Corporates ignore reporting guidelines
Binding Government guidelines setting out how businesses should publish their environmental performance, and what exactly they should report on, have been largely ignored by some of the leading companies in the UK.
Research carried out by Trucost on behalf of the Environment Agency showed that 84 of the first 100 FTSE listed companies to report as required under the EU’s Account Modernisation Directive business review did not disclose their environmental performance.
This is despite the fact that the new Company Law states that all those companies listed on the index must disclose environmental key performance indicators where relevant.
The report, under discussion at the Environment Agency’s annual conference in London this week, concludes that while many companies are at least paying lip service to the environment – 96% of them made references to it in their reports, compared with 89% in 2004 – the reporting is of low quality and little use to investors.
“Much of the reporting is still at a basic level, with 16% of companies making disclosures in accordance with government guidance and providing a quantitative figure.
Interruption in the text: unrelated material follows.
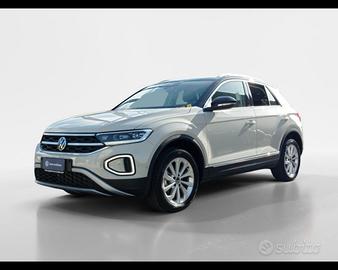 VOLKSWAGEN T-Roc Style 2.0 TDI SCR 85 kW (115 CV)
Although this figure represents an increase in the level of quantified disclosures there are still too few quantified disclosures to make meaningful comparisons between the environmental performance of companies,” said Environment Agency chief executive, Barbara Young.
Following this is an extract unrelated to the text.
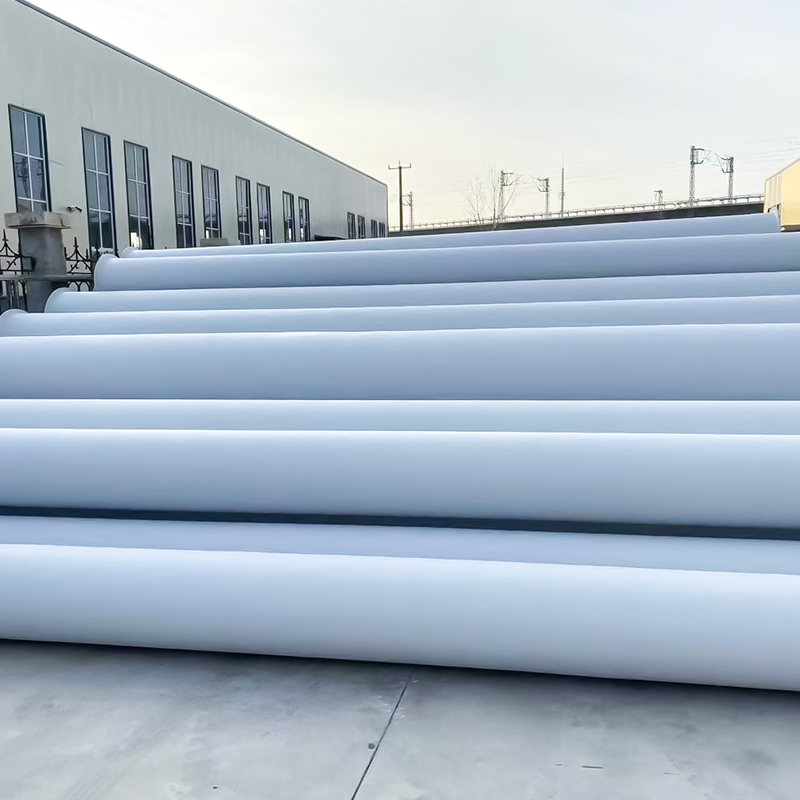 ফাইবারগ্লাস নালী আনুষাঙ্গিক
“These figures indicate confusion surrounding legislation in this area which now requires environmental impacts to be reported using quantitative measures where necessary, as found in Defra’s reporting guidelines.
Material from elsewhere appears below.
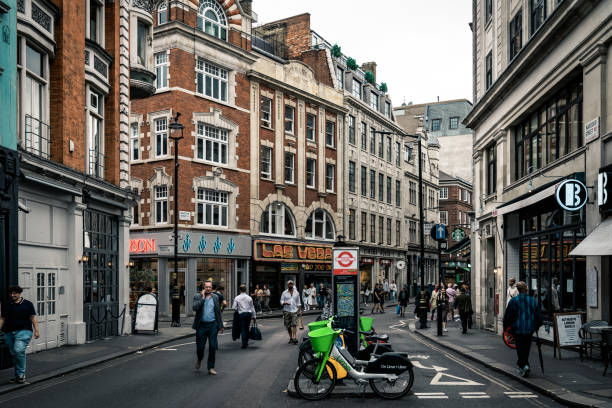 istock London cityscape 1439665093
“Defra has published guidelines on how companies should report environmental impacts, including greenhouse emissions, in order to promote a standard calculation method and to ensure consistent reporting. This guidance underwent extensive consultation with companies, investors, trade associations and other government departments and agencies prior to its launch in January 2006.”
Waste is the most widely reported environmental issue with 67 percent of companies mentioning it. Climate change and energy use were mentioned by 61 percent of companies and water by 38 percent of companies.
Fifteen companies disclosed CO2 emissions in absolute levels and 37 give some figures for energy.
Five companies report on all environmental issues in quantitative terms, these were Emap PLC, Johnson Matthey PLC, Invensys PLC, Scottish Power PLC and Scottish and Southern Energy PLC.
Only six companies linked environmental issues to financial performance or shareholder value.
Due to the lack of companies producing detailed reports on their environmental performance, making comparisons that might inform investment choices is close to impossible.
“There has been some increase in the quantity of companies reporting on the environment. However the quality and usefulness of the data provided is still questionable,” said chief executive of Trucost , Simon Thomas.
“It is hard to see how investors and other stakeholders can use these disclosures to make informed decisions about how companies are managing their environmental impacts and risk. It is important to stress that the Company Law Act now requires companies to report on these matters and there are government guidelines which make it easy for companies to identify important and relevant impacts to their business and report it.”